That in the world by which one is a perceiver of the world, a conceiver of the world—this is called the world in the Noble One’s Discipline. And what, friends, is that in the world by which one is a perceiver of the world, a conceiver of the world? The eye is that in the world by which one is a perceiver of the world, a conceiver of the world . The ear … The nose … The tongue … The body … The mind is that in the world by which one is a perceiver of the world, a conceiver of the world. That in the world by which one is a perceiver of the world, a conceiver of the world—this is called the world in the Noble One’s Discipline.

"Insofar as it disintegrates, monk, it is called the 'world.' Now what disintegrates? The eye disintegrates. Forms disintegrate. Consciousness at the eye disintegrates. Contact at the eye disintegrates. And whatever there is that arises in dependence on contact at the eye — experienced as pleasure, pain or neither-pleasure-nor-pain — that too disintegrates.

"The ear disintegrates. Sounds disintegrate… "The nose disintegrates. Aromas disintegrate… The tongue disintegrates. Tastes disintegrate… "The body disintegrates. Tactile sensations disintegrate... "The intellect disintegrates. Ideas disintegrate.

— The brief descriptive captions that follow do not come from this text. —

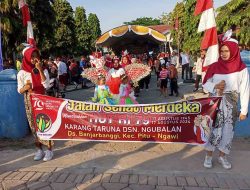 Rayakan HUT RI Ke 79, Warga Dewi Ngubalan Ramai Ikuti Jalan Sehat Karnaval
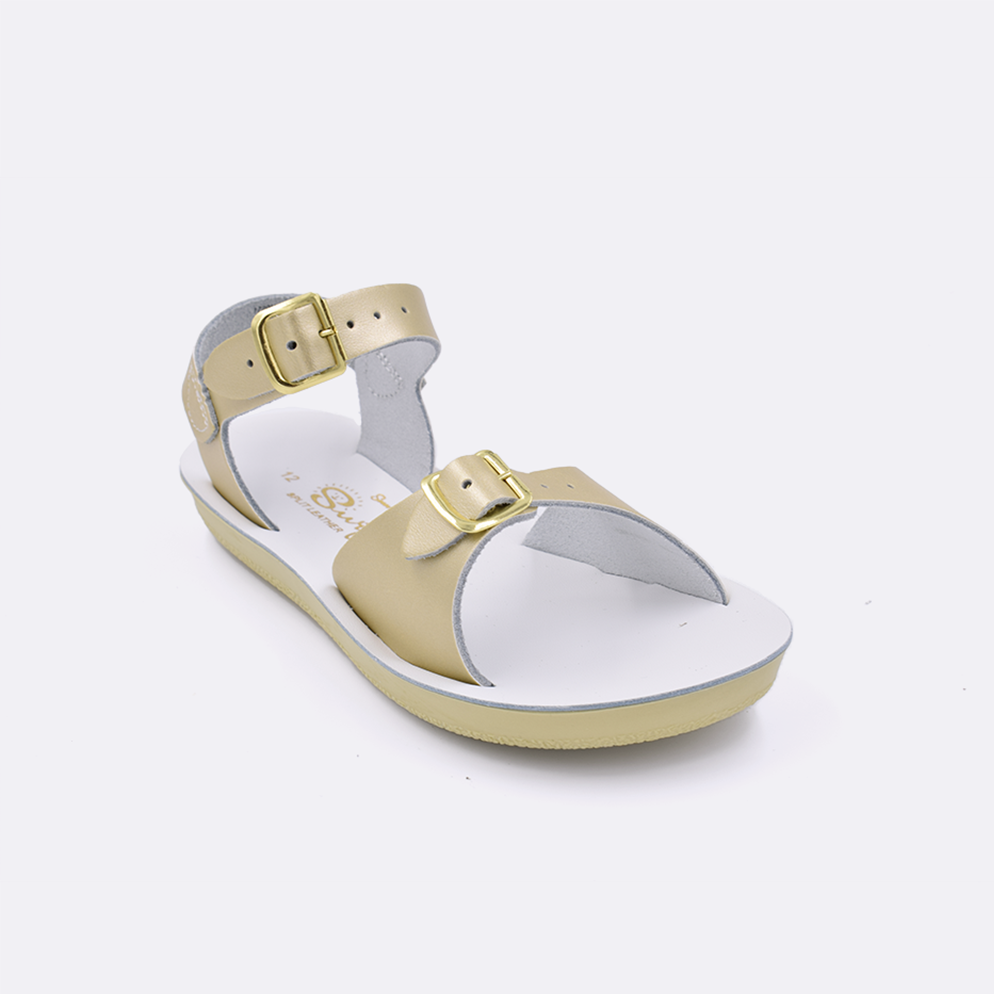 One little kid sized 1700 Surfer style sandal with gold straps and a white insole. Facing left to right diagonally. 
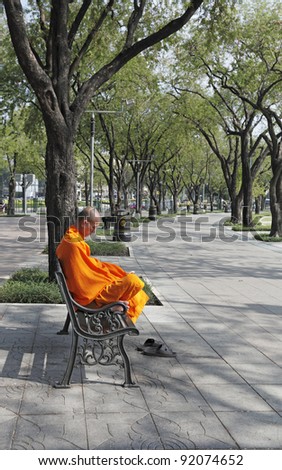 BANGKOK - DECEMBER 25: A monk meditating in a park on December 25, 2011 in Sanam Luang Park, Bangkok. Buddhist monk received alms every year end in Sanam Luang Park before embarking on a 3 month fast.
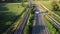 Aerial view, railway and road in rural landscape.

Consciousness at the intellect consciousness disintegrates.

Contact at the intellect disintegrates.

And whatever there is that arises in dependence on contact at the intellect — experienced as pleasure, pain or neither-pleasure-nor-pain — that too disintegrates.

"Insofar as it disintegrates, it is called the 'world.'"

For example take 'contact'. 'Contact' is a word and it's meaning is a demonstrably inferrable element grasped as the idea of contact.

It is inferrable by smart people who can agree that seeing exists if the eye exist.

I've given this example before;

Seeing demonstrably doesn't exist if;

  • person is unconscious
  • person is without an eye
  • person is in darkness (without visible objects)

Seeing demonstrably exists if there is contact between eye-consciousness, the eye and the visible light.

Therefore we can infer that contact is a truth like the eye is a true requisite.

This is general contact meaning, if we talk about a speacial case of contact, such as the origin of a particular feeling that arose for us, that is then a special case and that there particular instance of contact is the referent for the word 'contact'.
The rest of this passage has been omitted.